According to the lender, this is above the annual growth of 2.8% recorded in the three months to February. When measured quarterly, prices saw a 1.6% rise in Q1 compared to Q4 2018. House prices fell by 1.6% on a monthly basis, rebalancing the 5.9% rise seen in February.
Russell Galley, managing director at Halifax, said: “The average UK house price is now £233,181 following a 1.6% monthly fall in March. This reduction partly corrects the significant growth seen last month and again demonstrates the risk in focusing too heavily on short-term, volatile measures. Industry-wide figures show that the number of mortgages being approved remains around 40% below pre-financial crisis levels, and we know that lower levels of activity can lead to bigger price movements.
The more stable measure of annual house price growth rose slightly to 3.2% and is still within our expectation for the year. The need to build up a deposit before getting a mortgage is still a challenge for many looking to buy a property. However, the combined effect of fewer houses for sale and fewer people looking to buy continues to support prices in the long-term.
These conflicting challenges, when combined with the ongoing uncertainty around Brexit, have had an impact across the country but most notably in London, meaning that we continue to expect subdued price growth for the time being.”
As ever, the property industry was quick to react. Here's what they're saying.
Tomer Aboody, director of property lender MT Finance, says: "March has been dominated by Brexit so the monthly fall in property prices comes as no surprise. For the past couple of years March was flagged up as the date when we would get Brexit and people have been too busy watching the political shenanigans on television to go out and view houses.
‘The Brexit saga is such a debacle and until it gets sorted, one way or another, few people are going to do anything. There are fewer enquiries out there and fewer people want to sell. Less stock means values will go down - those selling are those who have to sell and may therefore take a lower price. Those who are brave enough to buy believe nothing is going to change in the future so they are going to take advantage of the uncertainty."
Jeremy Leaf, north London estate agent and a former RICS residential chairman, says: "Yet another set of figures demonstrating better than expected resilience of the UK housing market but also the dangers of reading too much into one month’s figures. On the ground, we are seeing more buying activity in the buildup to the traditionally busier Spring market but it is patchy, encouraging in some areas, disappointing in others, even sometimes very close to one another.
On the other hand, many sellers are still cautious, awaiting a small sign at least that their Brexit nightmare will soon be over and they will have more confidence about taking on additional debt."
Alastair McKee, managing Director of One77 Mortgages, commented: “Yet more erratic monthly price movement is to be expected given the unpredictability of the wider political landscape and the extreme spike in prices seen the previous month.
Much like our current position with the EU, the UK market isn’t quite sure whether it’s coming or going at the moment and this has been reflected in short-term price measures.
Although the number of mortgage approvals remains below pre-financial crisis levels, this isn’t necessarily a bad thing as the ease of obtaining a mortgage and the relaxed approach to providing them was part of the problem in the first place.

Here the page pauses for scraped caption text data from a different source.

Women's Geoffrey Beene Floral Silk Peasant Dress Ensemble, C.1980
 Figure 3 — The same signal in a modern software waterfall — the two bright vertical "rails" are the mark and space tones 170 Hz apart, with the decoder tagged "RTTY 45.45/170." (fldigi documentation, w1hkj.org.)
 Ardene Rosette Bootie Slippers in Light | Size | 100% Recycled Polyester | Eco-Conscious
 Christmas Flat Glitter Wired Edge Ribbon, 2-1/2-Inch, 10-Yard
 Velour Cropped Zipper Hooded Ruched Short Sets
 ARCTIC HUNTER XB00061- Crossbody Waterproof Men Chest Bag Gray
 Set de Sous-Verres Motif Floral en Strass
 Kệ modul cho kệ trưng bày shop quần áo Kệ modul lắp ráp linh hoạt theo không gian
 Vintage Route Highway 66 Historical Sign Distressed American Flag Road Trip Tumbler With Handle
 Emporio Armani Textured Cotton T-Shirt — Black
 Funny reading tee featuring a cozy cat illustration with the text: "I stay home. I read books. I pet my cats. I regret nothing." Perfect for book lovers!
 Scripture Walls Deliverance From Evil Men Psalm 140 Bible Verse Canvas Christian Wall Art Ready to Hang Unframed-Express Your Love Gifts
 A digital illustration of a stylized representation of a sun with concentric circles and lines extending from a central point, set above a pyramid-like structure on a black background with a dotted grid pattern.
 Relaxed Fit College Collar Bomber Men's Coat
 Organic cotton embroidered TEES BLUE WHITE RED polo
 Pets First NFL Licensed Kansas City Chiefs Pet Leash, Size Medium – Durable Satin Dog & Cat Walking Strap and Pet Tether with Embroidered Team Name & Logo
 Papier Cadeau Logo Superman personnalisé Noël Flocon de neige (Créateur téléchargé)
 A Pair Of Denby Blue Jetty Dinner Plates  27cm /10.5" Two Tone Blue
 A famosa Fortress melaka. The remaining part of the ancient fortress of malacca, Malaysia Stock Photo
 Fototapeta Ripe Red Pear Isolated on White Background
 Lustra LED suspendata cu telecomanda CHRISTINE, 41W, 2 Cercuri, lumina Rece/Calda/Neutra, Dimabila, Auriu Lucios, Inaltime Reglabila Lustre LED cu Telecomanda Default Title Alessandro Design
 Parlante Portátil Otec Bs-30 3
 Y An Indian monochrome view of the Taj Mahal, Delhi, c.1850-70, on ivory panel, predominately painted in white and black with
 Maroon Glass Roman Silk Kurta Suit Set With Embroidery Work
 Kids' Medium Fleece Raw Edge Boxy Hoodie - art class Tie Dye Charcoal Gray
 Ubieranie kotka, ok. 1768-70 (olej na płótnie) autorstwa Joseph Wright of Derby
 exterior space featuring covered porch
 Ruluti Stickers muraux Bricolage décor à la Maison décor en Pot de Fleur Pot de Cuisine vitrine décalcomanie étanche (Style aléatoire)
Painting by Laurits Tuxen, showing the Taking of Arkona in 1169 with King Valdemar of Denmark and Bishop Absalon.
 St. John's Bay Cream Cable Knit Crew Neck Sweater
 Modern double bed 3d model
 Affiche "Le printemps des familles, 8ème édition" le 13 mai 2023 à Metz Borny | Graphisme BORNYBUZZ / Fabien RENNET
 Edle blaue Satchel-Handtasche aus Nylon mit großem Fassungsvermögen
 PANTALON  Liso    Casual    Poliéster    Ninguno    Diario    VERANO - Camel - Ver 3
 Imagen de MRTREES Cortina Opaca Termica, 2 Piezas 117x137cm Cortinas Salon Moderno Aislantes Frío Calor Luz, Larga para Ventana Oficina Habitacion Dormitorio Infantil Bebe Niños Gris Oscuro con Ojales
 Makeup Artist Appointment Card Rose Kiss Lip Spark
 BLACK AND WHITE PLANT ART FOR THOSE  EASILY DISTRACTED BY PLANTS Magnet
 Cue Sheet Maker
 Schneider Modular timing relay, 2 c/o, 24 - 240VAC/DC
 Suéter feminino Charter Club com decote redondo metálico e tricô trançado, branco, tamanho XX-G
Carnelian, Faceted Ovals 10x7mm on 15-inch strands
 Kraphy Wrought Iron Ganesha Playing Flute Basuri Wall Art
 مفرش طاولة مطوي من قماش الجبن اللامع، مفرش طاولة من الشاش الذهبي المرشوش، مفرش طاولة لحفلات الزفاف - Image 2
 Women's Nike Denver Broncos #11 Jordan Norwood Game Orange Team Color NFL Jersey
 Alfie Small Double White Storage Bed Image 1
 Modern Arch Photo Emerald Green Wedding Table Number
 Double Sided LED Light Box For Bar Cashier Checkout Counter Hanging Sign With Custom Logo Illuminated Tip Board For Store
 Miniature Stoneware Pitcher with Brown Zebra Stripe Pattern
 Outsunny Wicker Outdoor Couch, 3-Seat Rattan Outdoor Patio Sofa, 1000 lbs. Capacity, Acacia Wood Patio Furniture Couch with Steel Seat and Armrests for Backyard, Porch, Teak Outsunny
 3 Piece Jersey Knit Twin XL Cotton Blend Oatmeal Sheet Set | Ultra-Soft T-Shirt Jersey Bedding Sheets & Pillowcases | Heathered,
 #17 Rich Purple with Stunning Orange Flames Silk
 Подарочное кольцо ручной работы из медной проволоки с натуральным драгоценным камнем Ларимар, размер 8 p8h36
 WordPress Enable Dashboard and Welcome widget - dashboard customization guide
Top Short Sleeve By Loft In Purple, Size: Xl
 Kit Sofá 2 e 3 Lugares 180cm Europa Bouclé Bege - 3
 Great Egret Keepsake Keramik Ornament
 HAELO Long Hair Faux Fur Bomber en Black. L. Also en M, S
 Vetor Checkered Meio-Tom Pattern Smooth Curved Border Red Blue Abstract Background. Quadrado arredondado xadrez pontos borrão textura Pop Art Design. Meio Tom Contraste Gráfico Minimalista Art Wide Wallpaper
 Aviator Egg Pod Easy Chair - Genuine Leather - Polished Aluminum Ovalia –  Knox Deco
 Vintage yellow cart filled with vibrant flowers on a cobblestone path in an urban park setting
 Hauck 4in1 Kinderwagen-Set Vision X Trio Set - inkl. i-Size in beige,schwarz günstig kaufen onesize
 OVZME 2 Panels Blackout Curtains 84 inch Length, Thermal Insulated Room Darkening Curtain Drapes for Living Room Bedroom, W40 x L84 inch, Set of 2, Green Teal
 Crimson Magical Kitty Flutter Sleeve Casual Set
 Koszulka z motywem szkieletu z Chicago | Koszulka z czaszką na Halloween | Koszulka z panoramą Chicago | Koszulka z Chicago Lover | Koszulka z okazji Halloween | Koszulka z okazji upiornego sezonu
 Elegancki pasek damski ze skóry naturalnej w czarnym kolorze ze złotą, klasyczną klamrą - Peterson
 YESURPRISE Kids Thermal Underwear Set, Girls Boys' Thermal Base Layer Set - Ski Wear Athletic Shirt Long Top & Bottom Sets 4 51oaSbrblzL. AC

While we continue to see a consistent level of demand for mortgage products and the cost of borrowing remains low, the current market has been built on a more stringent lending foundation and as a result, we will continue to see buyer demand fuel positive house price growth in the long-term.”
Danny Belton, Legal & General Mortgage Club, had this to say: “The stable level of house price growth is creating a favourable environment for first-time buyers. This is being supported by increased innovation and competition in the mortgage market, allowing borrowers to choose from a wide range of affordable products.
Government schemes also play a vital role, helping borrowers who are struggling to raise a deposit step onto the property ladder. For those unsure how to make their homeownership dream a reality, speaking with an independent mortgage adviser is a great place to start. Whether looking for that first, next, or last home, advisers can make a valuable difference to a borrower’s journey.”
Jeff Knight, Marketing Director for Foundation Home Loans commented: “While a lack of clarity over Brexit decisions may be a cause for concern for some, in general the market is proving its resilience with activity ticking over – even if at a slower pace than we usually see at this time of year. First-time buyers and those keen for discounted prices in their next move would be wise to snap up purchases sooner rather than later. That said, a dreary supply of properties on both the rental and purchasing side not only continues to fall short of demand but will further inflate prices making affordability even trickier.”